Мы не должны обманываться глубокомысленными наукообразными разговорами о пост-модернизме как этапе развития культуры, с христианской точки зрения тут все ясно. И лучше всего описал это Ганс-Христиан Андерсен в «Снежной королеве». Те, кто именует себя творцами современного искусства, носят в глазах и сердцах осколки зеркала тролля-дьявола: «в нем все доброе и прекрасное уменьшалось донельзя, все же негодное и безобразное, напротив, выступало еще ярче, казалось еще хуже. Напоследок захотелось им добраться и до неба, чтобы посмеяться над ангелами и Самим Творцом».

Мы не услышим от них ни слов, ни звуков, связанных гармонией, не услышим музыки, хранящей мелодику народных напевов, тихая прелесть родных пейзажей не вдохновляет их. Здоровое искусство есть, но оно загнано в подполье, объявлено вне мейнстрима культуры, и не подпускается к формированию культурной атмосферы общества, блокируется на дальних подступах.

Горько, что государство, призванное защищать жизнь и быть удерживающим, боится открыть глаза и назвать врага, признать, что это не современно искусство – это искусство Сатаны. Наверное потому, что стены в коридорах и кабинетах власть предержащих имеют свойства этого зеркала, а в душах людей, воспитанных на почве чужой и безбожной культуры – ледяные, все искажающие осколки.
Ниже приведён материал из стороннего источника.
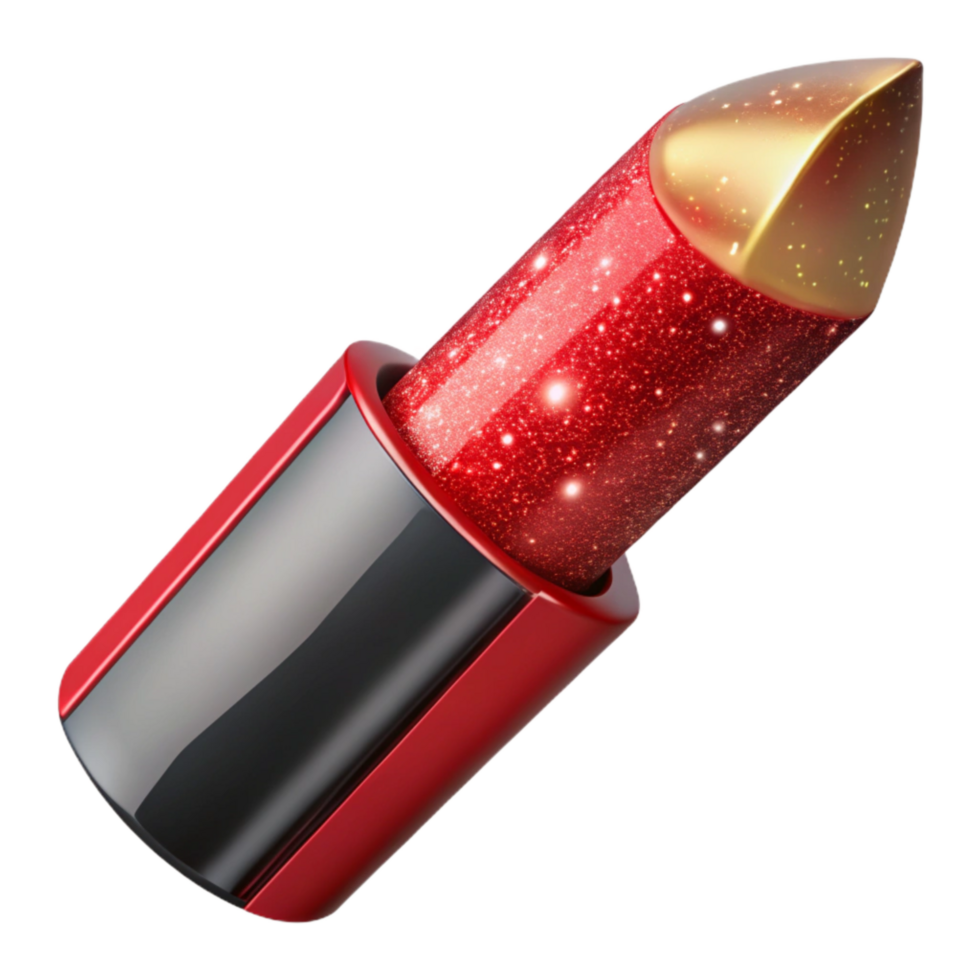 extraordinary rustic Red Lipstick Slanted Angle Transparent Background high resolution png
В сказке в лютый холод Герда спасается молитвой «Отче наш», буйные ветры усмиряет молитвой, а вернувшиеся домой дети видят в нем бабушку, читающую Евангелие.

Только Церковь Христова, а для нас, русских – православная культура с ее теплом и светом, героикой и жертвенностью могут защитить молодого человека.

«Облекитесь во всеоружие Божье, чтобы вам можно было противостать против козней диавольских» (Еф.6:11).